Whenever I look out of the window to find that snow has covered the country like a carpet of white dung, my first thoughts are not of some bucolic childhood memory of sledges and snowmen. Nor does it bring to mind whimsical scenes from some classic Christmas movie, where snow is always brilliant white and accompanied by the sound of bells. No, for me, the sight of snow automatically takes me back to the hours I spent in 1989, hunched over my Amiga, carefully traversing a frozen island in Mike Singleton's brilliant Midwinter.
I don't really want to think about what that says about me, but what it says about Midwinter is abundantly clear. It's a truly seminal game, years ahead of its time in both ideas and technology, and one that has been rather criminally overlooked in recent years.
Midwinter was a product of one of those wonderful transition periods for the game industry, when the hardware moves forward and ingenious developers move in to see what's been made possible. If Midwinter were made today, marketing people would fall over themselves to smother it in sales-boosting bullet points, flagrantly throwing phrases like "cross genre" around and losing the meaning along the way.
Midwinter crossed genres, not because it seemed like a commercially shrewd way of covering lots of demographics, but because Singleton was literally discovering and reinventing genres as he went along. It's a pioneering piece of game design simply because nobody knew how to do this stuff.
Set in the future, following an Emmerich-scale global catastrophe that results in the planet being smothered in snow and ice, Midwinter takes place on a frostbitten island populated by a scattering of small dwellings and the ruthless armed forces of one General Masters. It's up to you, as John Stark of the Free Villages Police Force, to rally the inhabitants of the island into action against Masters, waging a guerrilla campaign to drive him out and secure your freedom by sabotaging factories, rescuing prisoners and crippling radio masts. It's the way you do this that makes Midwinter so memorable and so influential.
It's a first-person shooter. Oh, and a stealth game. It's also a free-roaming openworld adventure. And a social role-playing game, of sorts.
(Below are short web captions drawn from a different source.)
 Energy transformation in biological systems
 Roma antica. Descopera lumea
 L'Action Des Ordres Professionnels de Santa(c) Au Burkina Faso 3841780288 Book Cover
None of these genres really existed back in 1989, or at least they didn't exist as the chart-topping behemoths we know today. Midwinter was, and still is, a unique creature; a priceless transitional specimen in the fossil record of gaming.
Exploration is the beating heart of the game, and you were able to wander the vast 160,000 square mile gameworld in numerous ways. Skis were the default mode of transport, a frankly terrifying experience that saw you scrunching up triangular peaks only to hurtle down the other side at 50mph. The Snow Wolf snowmobile was more secure, and the go-to option for rapidly covering the vast distances between locations, though its speed made it a risky choice on such uncertain terrain. Finally, and most daringly, you could use a hang glider to swoop down from the mountainous peaks.
All were capable of crashing horribly, which brings us to Midwinter's first memorable innovation. Injuries could cripple your limbs, which in turn would impact your abilities. Damaged legs made skiing a problem. Wounded arms made it harder to shoot straight. There were no medpacks in Midwinter, but time literally healed all wounds. Find a safe lodging and bed down, and even the most mangled limbs got better.
Unfortunately, time was a more precious resource than the spurious notion of "health". That's because, along with everything else, Midwinter was also a turn-based strategy game. The goal was to reach the other inhabitants of the island and recruit them to your cause. Once you had more characters on board you would synchronise watches and gameplay then revolved around controlling them in turn, in two hour chunks. So you'd control one character from 8am to 10am, then hop back in time to control the next character during the same timeframe. In this way, you manoeuvred and plotted the best way to beat Masters and his omnipresent army of snowmobiles and planes.